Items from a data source
______

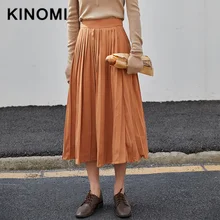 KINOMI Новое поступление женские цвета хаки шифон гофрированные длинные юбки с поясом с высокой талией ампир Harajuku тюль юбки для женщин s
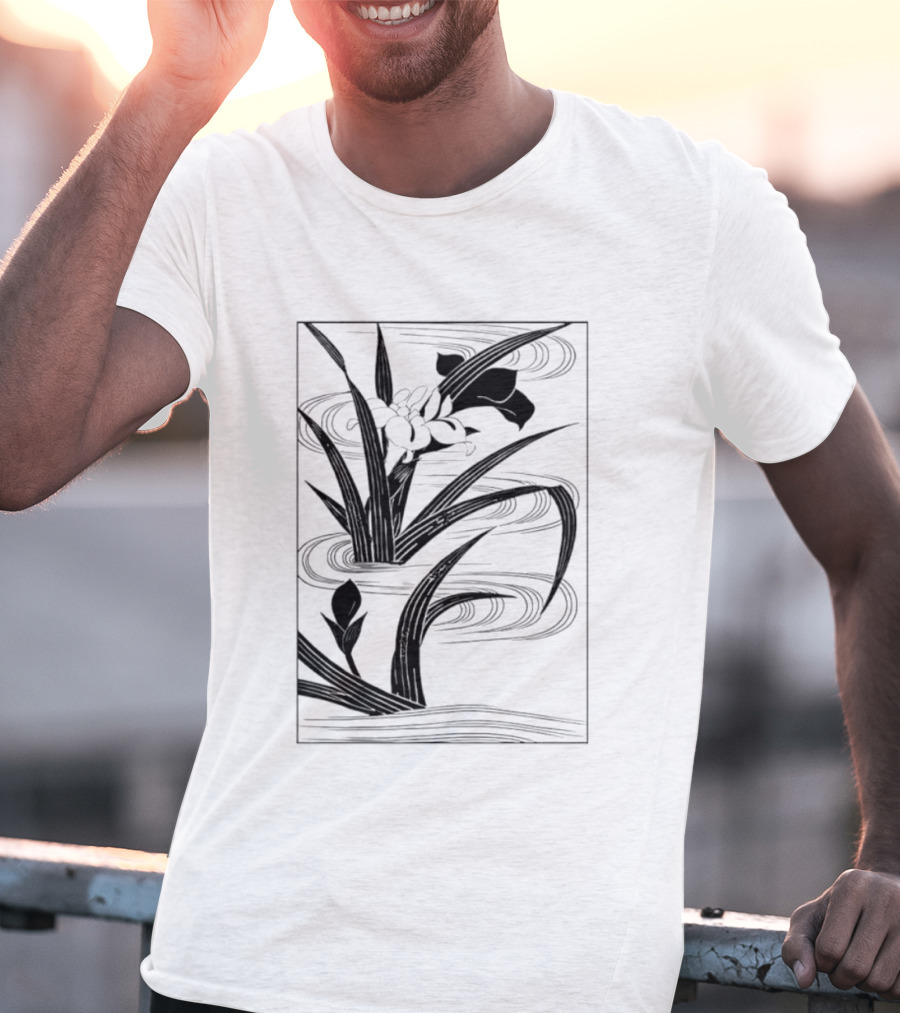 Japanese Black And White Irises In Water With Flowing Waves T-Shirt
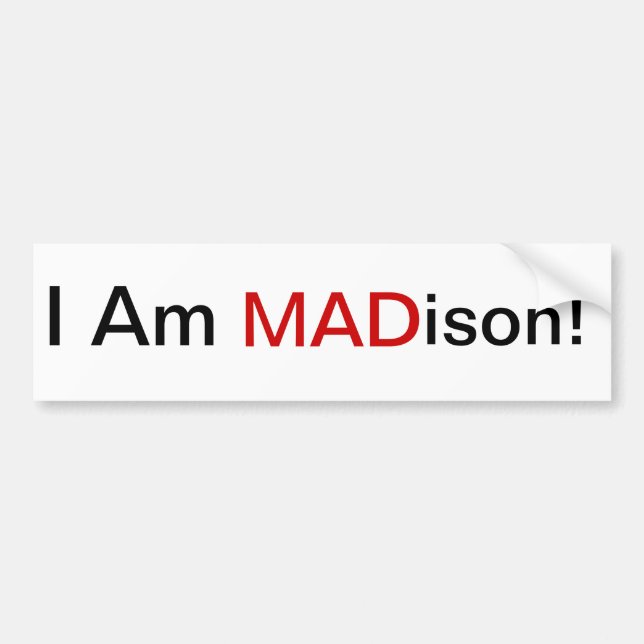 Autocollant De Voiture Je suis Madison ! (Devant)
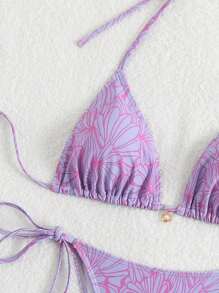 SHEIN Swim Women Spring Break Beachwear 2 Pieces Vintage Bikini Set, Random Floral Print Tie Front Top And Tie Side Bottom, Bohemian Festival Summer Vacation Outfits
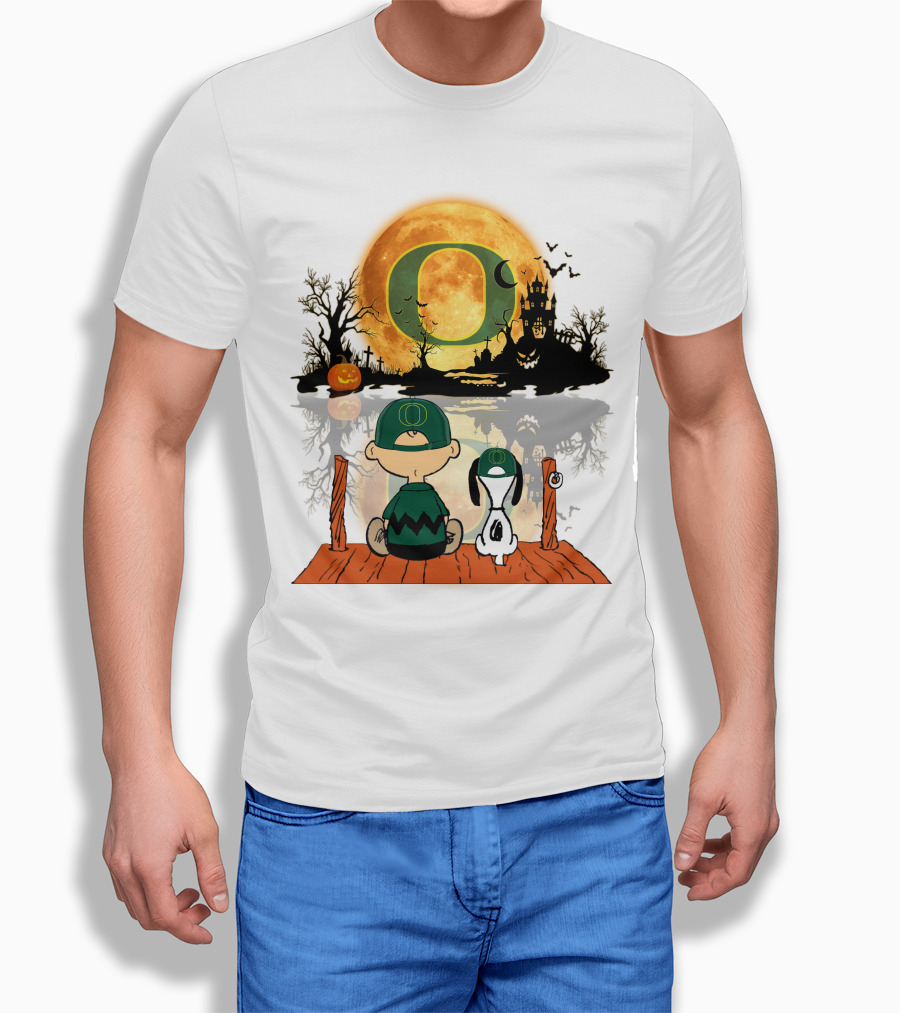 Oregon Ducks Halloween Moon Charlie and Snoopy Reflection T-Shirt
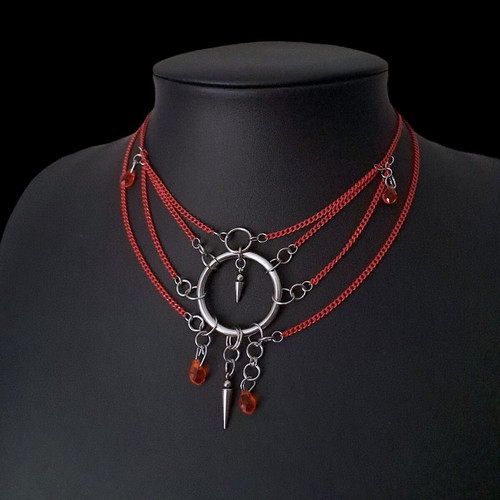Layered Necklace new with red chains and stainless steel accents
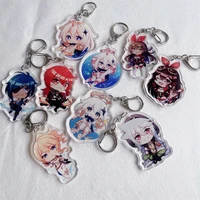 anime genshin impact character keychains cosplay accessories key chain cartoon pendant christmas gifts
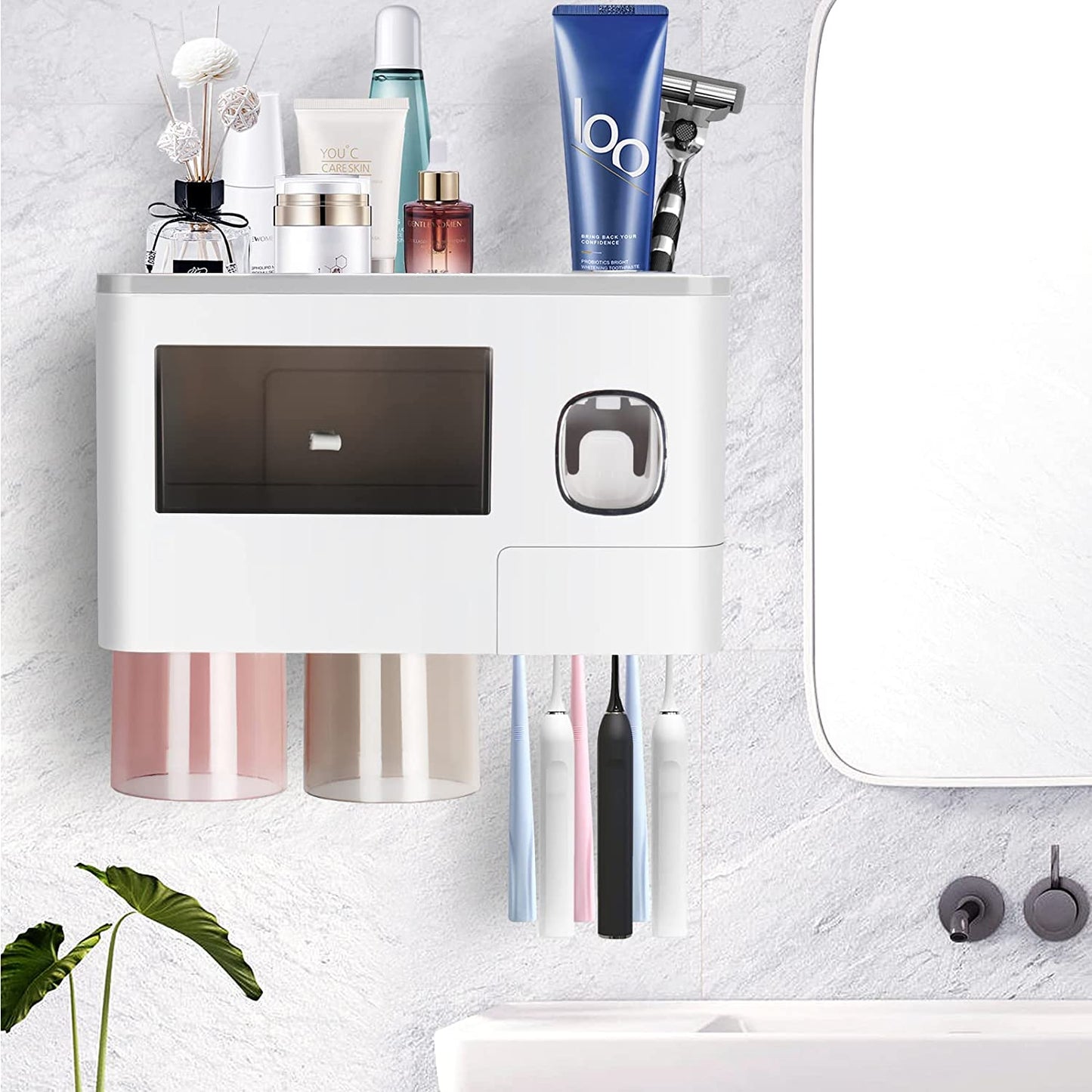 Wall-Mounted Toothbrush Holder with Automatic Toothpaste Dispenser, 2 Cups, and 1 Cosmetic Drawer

______

#### Problem to work on
Omit all pictures, and repeat exactly the lines from the line containing "SHEIN Swim Women" through the end of the data.

#### Task output
 SHEIN Swim Women Spring Break Beachwear 2 Pieces Vintage Bikini Set, Random Floral Print Tie Front Top And Tie Side Bottom, Bohemian Festival Summer Vacation Outfits
 Oregon Ducks Halloween Moon Charlie and Snoopy Reflection T-Shirt
Layered Necklace new with red chains and stainless steel accents
 anime genshin impact character keychains cosplay accessories key chain cartoon pendant christmas gifts
 Wall-Mounted Toothbrush Holder with Automatic Toothpaste Dispenser, 2 Cups, and 1 Cosmetic Drawer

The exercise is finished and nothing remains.